------ Information

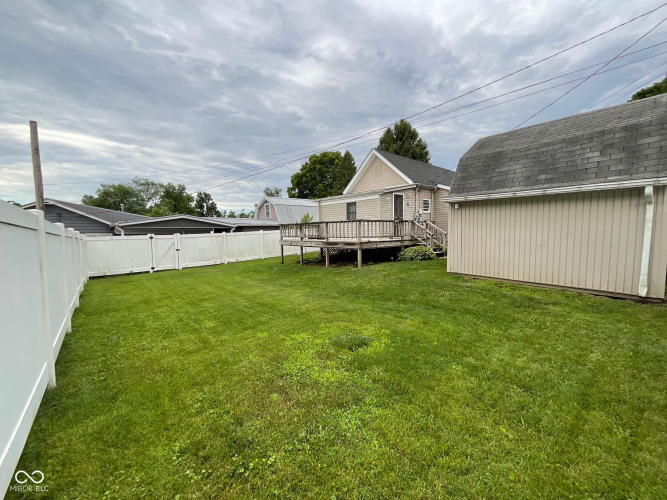 Listing Image 3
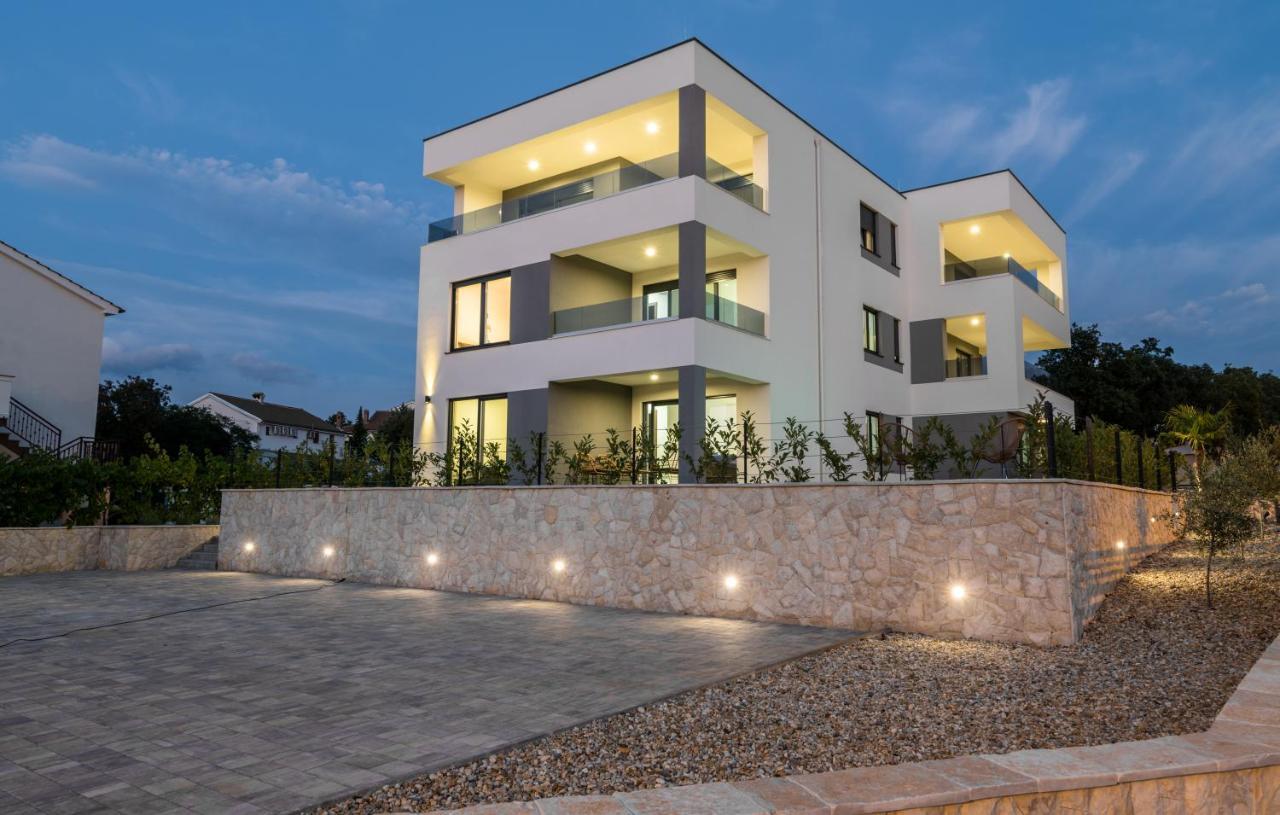 Vila Stemark Njivice Bagian luar foto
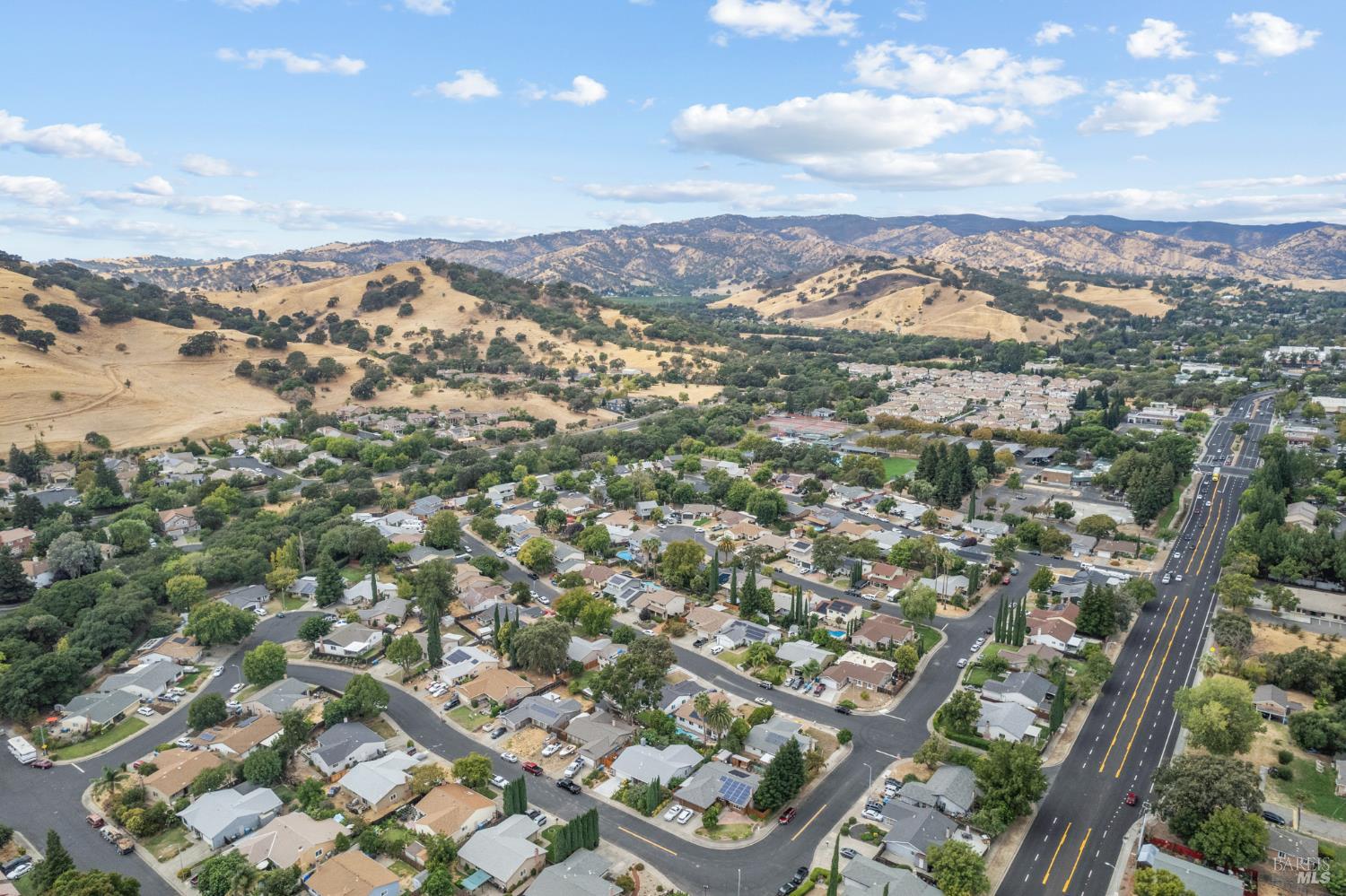731 La Cruz Ln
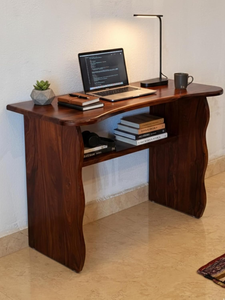 Escritorio de Estudio de Madera Sheesham Premium con Panel Curvo y Estante de Almacenamiento, Escritorio Moderno para Computadora Portátil, Estación de Trabajo para el Hogar - Product Image 2
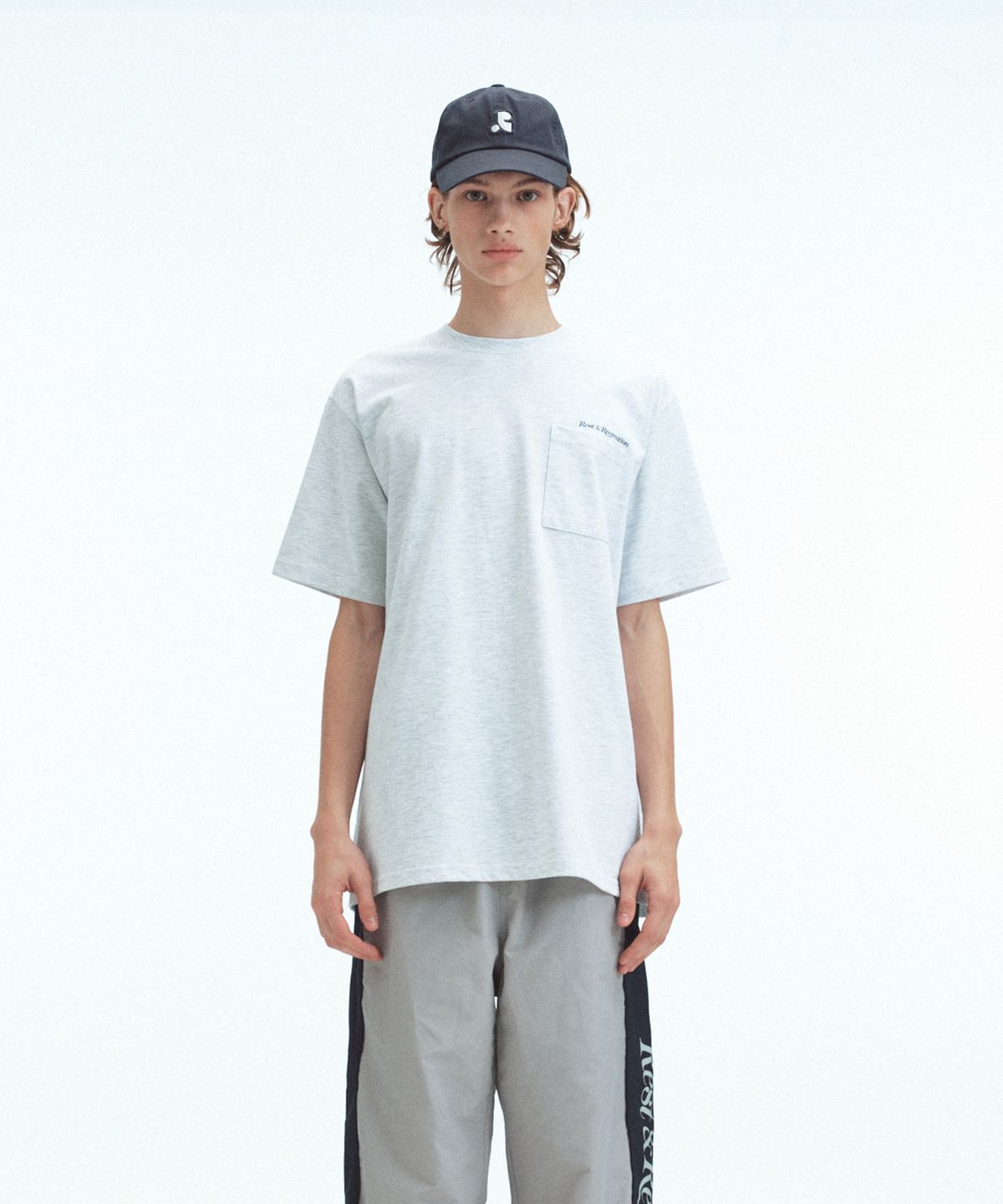 레스트앤레크레이션(REST&RECREATION) OVERSIZED POCKET T-SHIRT - LIGHT GREY
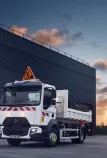 Renault Trucks D 12 tonnes/14 tonnes equipped with a Hiab arm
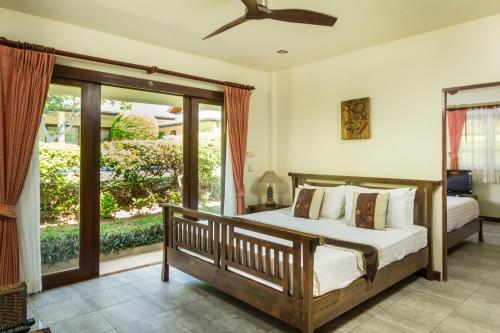 Postel nebo postele na pokoji v ubytování Idyllic Samui Beach Villa Resort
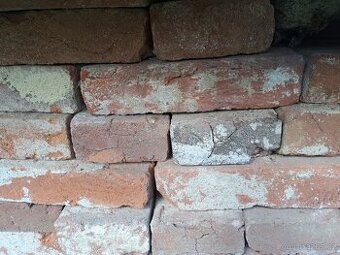 Stará pálená cihla (cihly) očištěná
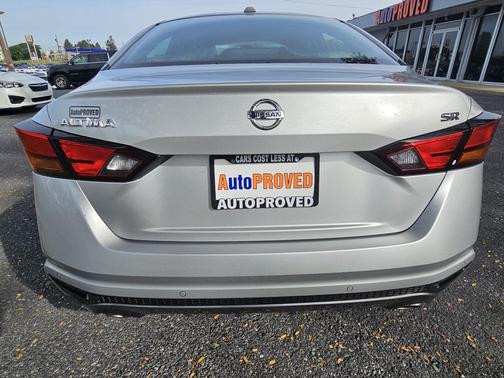 2020 Nissan Altima SR FWD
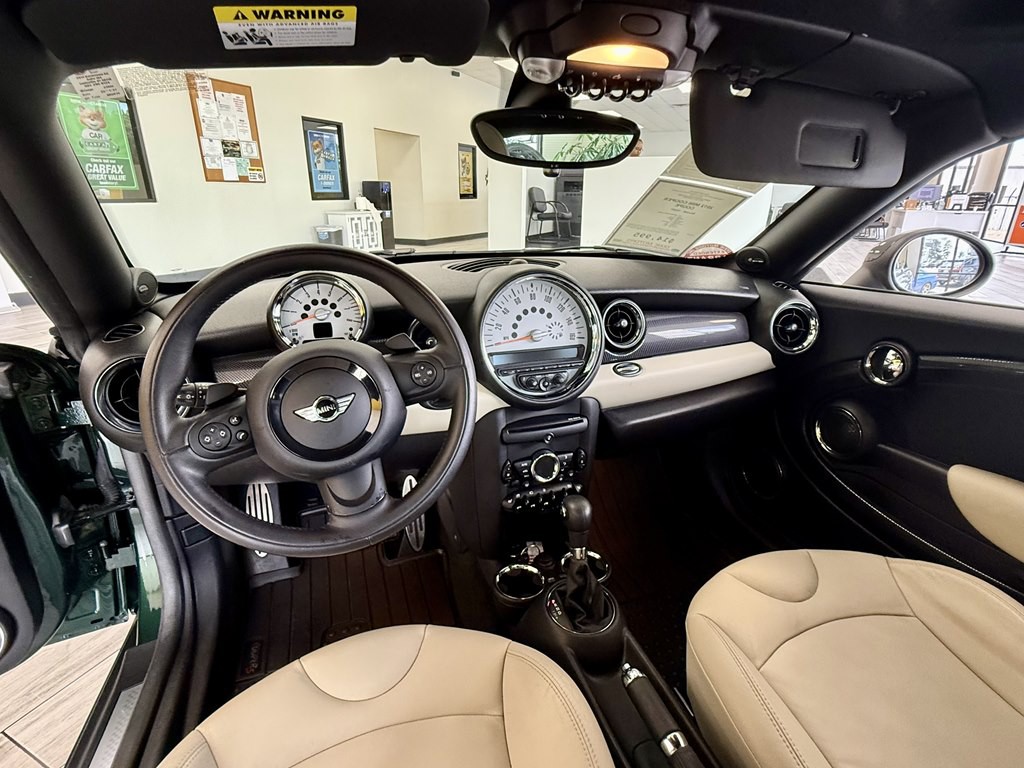 2012 MINI Cooper Image 10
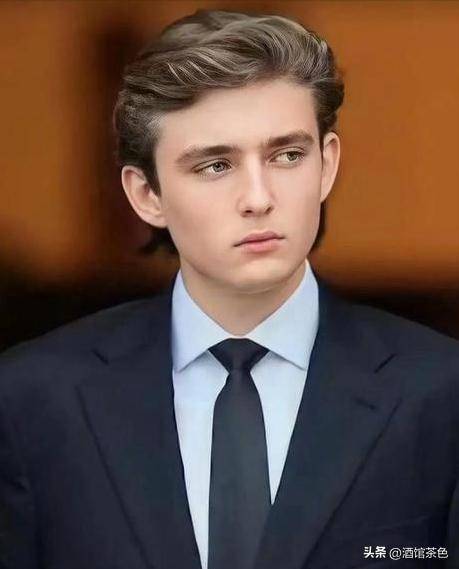 巴伦从精致男孩变油腻小哥,19岁狂赚4000万美元,还谈起了恋爱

------------

## What you will do
Reproduce word for word the lines running from the line with "Postel nebo postele" through the end of the data, both included, and nothing else; leave out the pictures.

## Finished exercise
 Postel nebo postele na pokoji v ubytování Idyllic Samui Beach Villa Resort
 Stará pálená cihla (cihly) očištěná
 2020 Nissan Altima SR FWD
 2012 MINI Cooper Image 10
 巴伦从精致男孩变油腻小哥,19岁狂赚4000万美元,还谈起了恋爱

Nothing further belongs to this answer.